◆ COLLECTED DATA:
-----

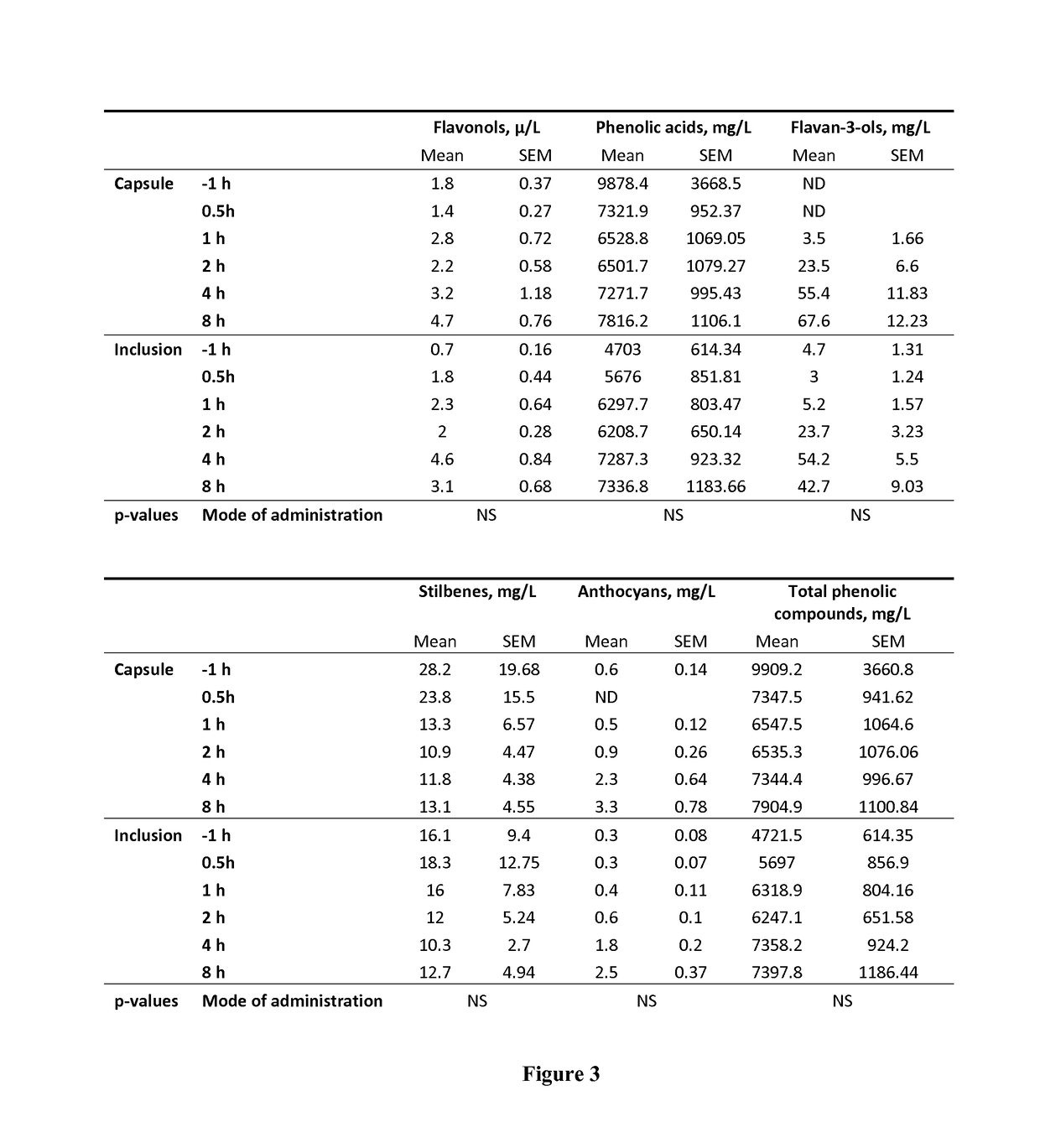 Synergistically-effective antioxidant composition for pets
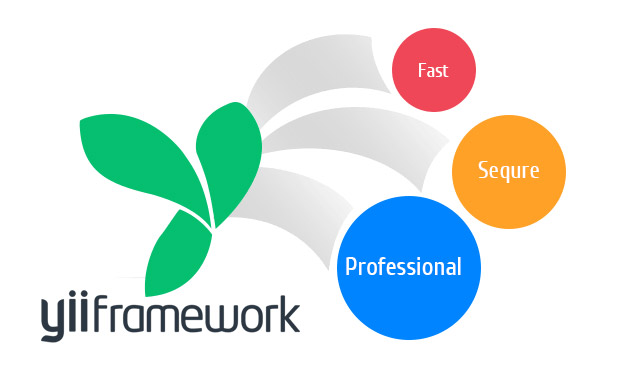 yii framework yii framework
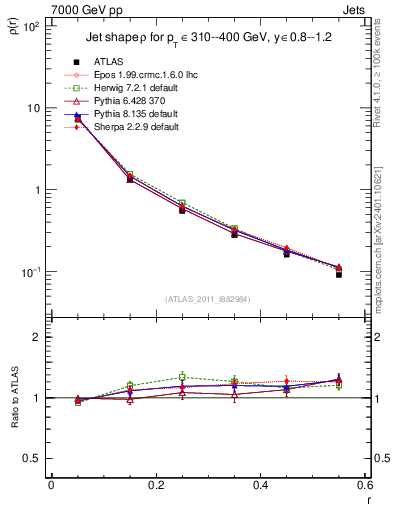 Plot of js_diff in 7000 GeV pp collisions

-----

◆ PROMPT: Lines from the one that contains "yii framework yii framework" to the final line of the material are the whole answer. Reproduce them word for word and skip the pictures.

◆ TASK OUTPUT:
 yii framework yii framework
 Plot of js_diff in 7000 GeV pp collisions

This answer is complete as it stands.